Your task
When you reach a picture, skip it, and retype every line below exactly.

___ Recorded data ___

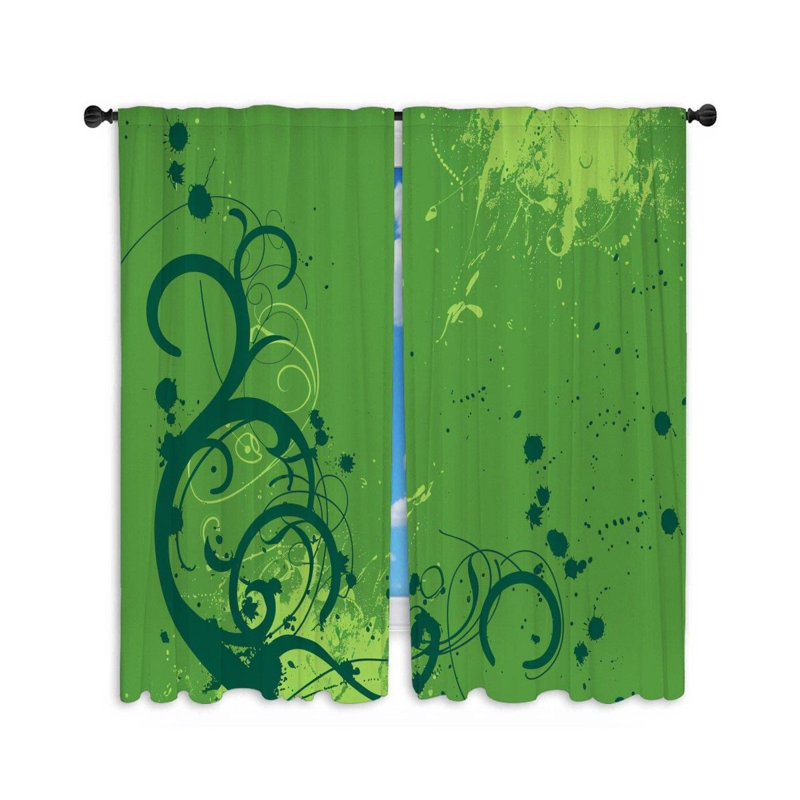 Paire de rideaux obscurcissant en polyester Hery, L 40 po x L 63 po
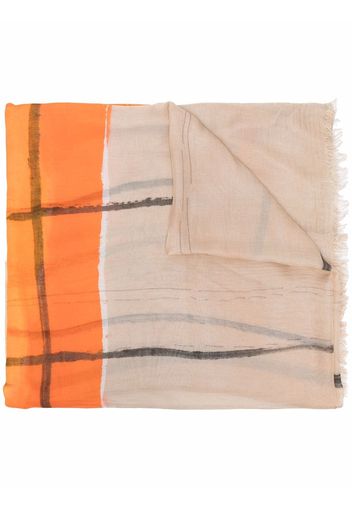 Faliero Sarti patterned knitted scarf - Toni neutri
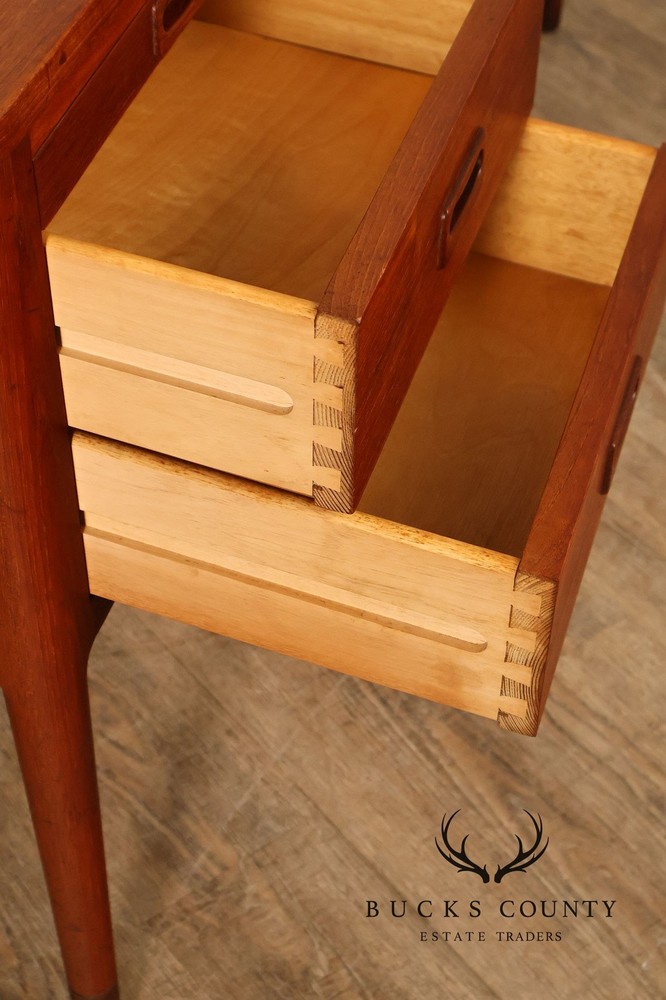 Danish Modern Teak Executive Writing Desk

___

Written response
 Paire de rideaux obscurcissant en polyester Hery, L 40 po x L 63 po
 Faliero Sarti patterned knitted scarf - Toni neutri
 Danish Modern Teak Executive Writing Desk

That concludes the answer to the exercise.